9.Further Warranties

 

The Parties hereby agree to sign, as soon as possible, all reasonable and necessary documents or documents conducive to the Parties for the purposes of performing this Agreement, and further take all reasonable and necessary actions or actions conducive to the Parties for the purposes of performing this Agreement.

 

10.Miscellaneous

 

10.1Modification, Amendment and Supplement

 

Any modification, amendment and supplement to this Agreement shall be made upon written consent by the Parties.

 

10.2Observance of Laws and Regulations

 

The Parties shall observe all PRC laws and regulations and confirm that each Party’s operations fully comply with such laws and regulations.

 

10.3Complete Agreement

 

Except for the written modification, amendment and supplement to this Agreement after its signing, this Agreement shall constitute the complete Agreement made by the Parties in relation to the aforesaid matters.

 

10.4Title

 

The titles in this Agreement are for convenience only and shall not be used for interpretation, description or other purposes that may affect the meanings of provisions herein.

 

10.5Language

 

This Agreement is made in Chinese in five (5) originals.

 

10.6Severability

 

If any of the terms or conditions hereunder or any portion thereof shall be invalid, illegal, or unenforceable under any applicable PRC laws, the validity, legality and enforceability of the remaining provisions hereunder shall not be in any way affected or impaired. The Parties shall negotiate in good faith to reach an agreement on a provision to replace the invalid. The economic effect resulting from such valid provisions shall be equal to that from the invalid, illegal or unenforceable provisions.

 

10.7Successor

 

This Agreement is binding upon each Party’s successors and transferees of equity interest, as if they were the contracting Parties hereof.

 

10.8Continuous Validity

 

Any obligations due or becoming due before the expiry of this Agreement shall continue to be valid after the expiry.

 

10.9Non-waiver

 

The failure of any Party to exercise its rights to investigate the breach of any other Party in any specific case shall not be deemed a waiver of such rights in any other cases alike or not.

 

 6 

 

  

[Signature Page to Exclusive Call Option Agreement]

 

Party A (Seal): Beijing Zhong Zhi Shi Zheng Data Information Technology Co., Ltd.

 

Legal representative or authorized agent (Signature): /s/ Tianquan Mo  

 

Party B (I): Tianquan Mo

 

Signature: /s/ Tianquan Mo  

 

Party B (II): Yu Huang

 

Signature: /s/ Yu Huang  

 

Party C (Seal): Beijing Zhong Zhi Hong Yuan Data Information Technology Co., Ltd.

 

Legal representative or authorized agent (Signature): /s/ Yu Huang  

 

 

 7 

 

 

 

Exhibit 4.59

 

Supplementary Agreement to the Exclusive Call Option Agreement

 

This Agreement is made and entered into by the Parties below on October 1, 2018 in Beijing:

 

Party A: Beijing Zhong Zhi Shi Zheng Data Information Technology Co., Ltd. (“Party A” to the Exclusive Call Option Agreement)

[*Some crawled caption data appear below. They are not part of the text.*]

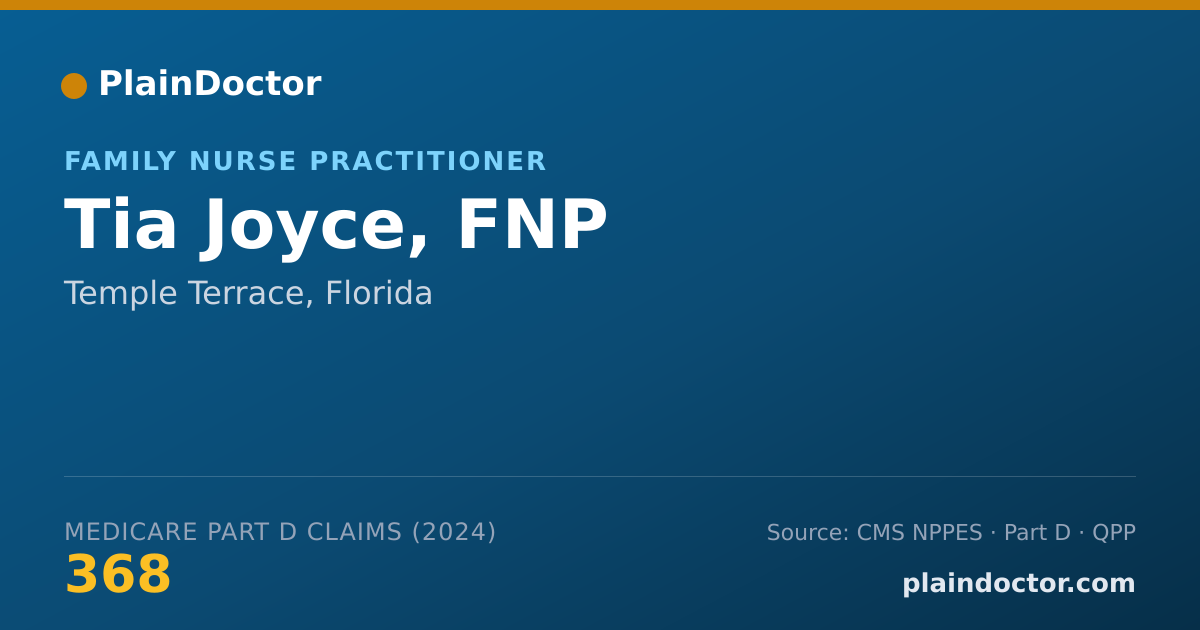 Shareable card for Tia Joyce, FNP - Family Nurse Practitioner, Temple Terrace, FL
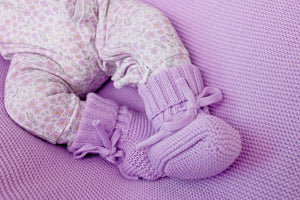 confetti kidz Knitted Baby Booties | Lilac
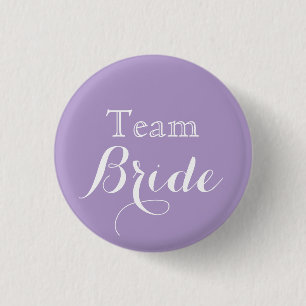 Lavender White Wedding Team Bride Button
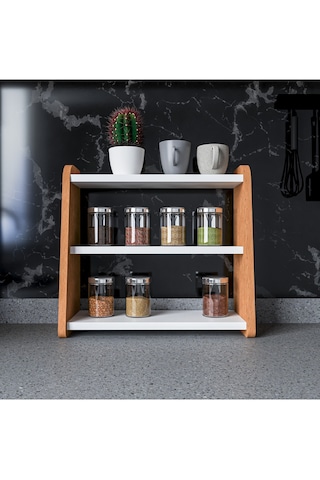 Alpa Ev Mobilya 3 Katlı Tezgah Üstü Organizer, Modern Mutfak Rafı Ve Çok Amaçlı Düzenleyici Atlantik Çam-beyaz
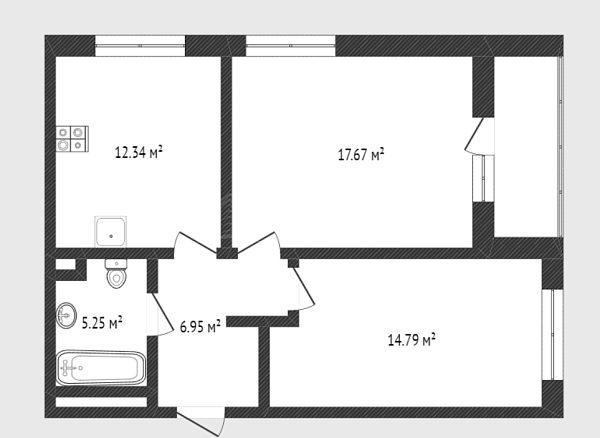 2-к квартира, 55 кв.м., улица Фармана Салманова, 12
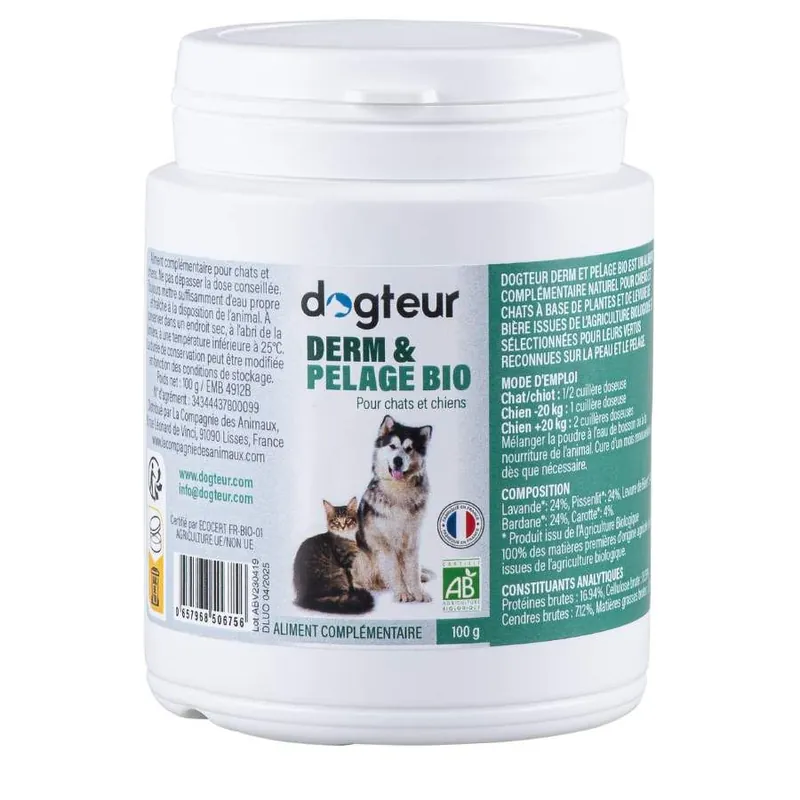 Dogteur Derm & Pelage Bio Cane e Gatto 100 g Compra Online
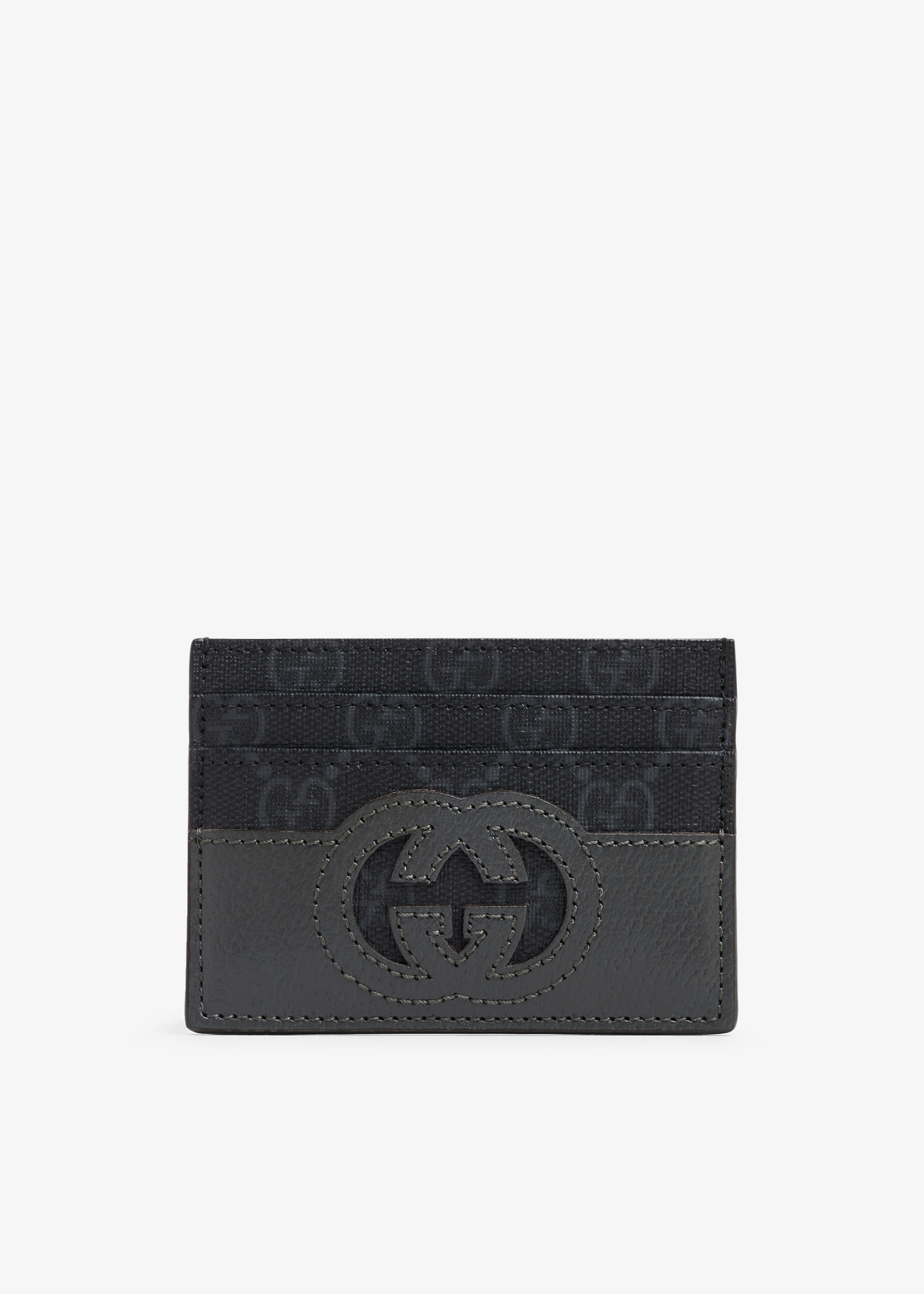 

Interlocking G cut-out card case, Grey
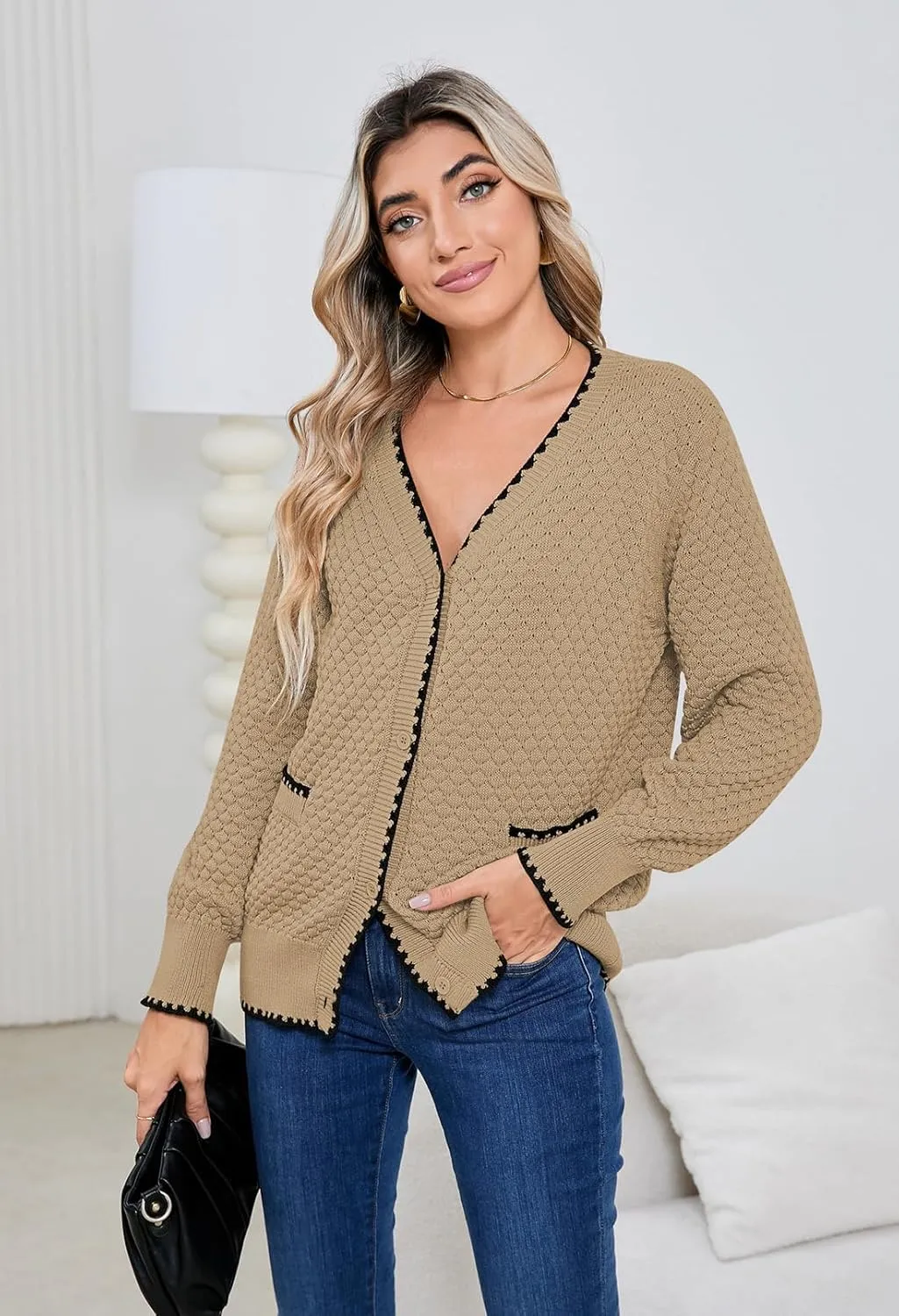 Pink Queen Women's Cropped Cardigan 2024 Long Sleeve V-Neck Button Down Knit Sweater Tops Open Front Lightweight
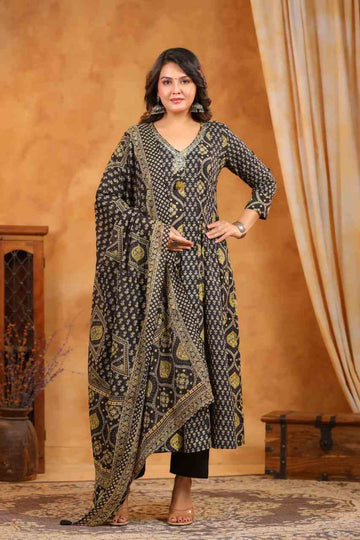 Women's Black Cotton Fabric Suit Set | Ethnic Printed Flared Kurta with Pants & Dupatta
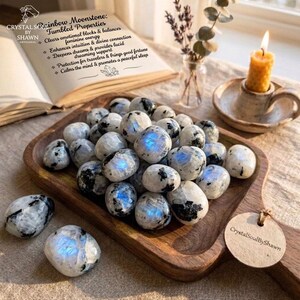 Pu&ograve; includere: Una collezione di pietre burattate in pietra di luna arcobaleno lucide con inclusioni bianche, grigie e nere, caratterizzate da riflessi blu iridescenti. Le pietre sono esposte su un vassoio di legno con un'etichetta rotonda CrystalSoulByShawn.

Registered address: Room 208A, 2nd Floor, Building No. 14, South District of No. 46 Zhongguancun South Street, Haidian District, Beijing

 

Party B(I): Mo Tianquan (“Party B(I)” to the Exclusive Call Option Agreement)

Address: [REDACTED]

PRC ID No.: [REDACTED]

 

Party B(II): Huang Yu (“Party B(II)” to the Exclusive Call Option Agreement)

Address: [REDACTED]

PRC ID No.: [REDACTED]

 

Party C: Beijing Zhong Zhi Hong Yuan Data Information Technology Co., Ltd. (“Party C” to the Exclusive Call Option Agreement)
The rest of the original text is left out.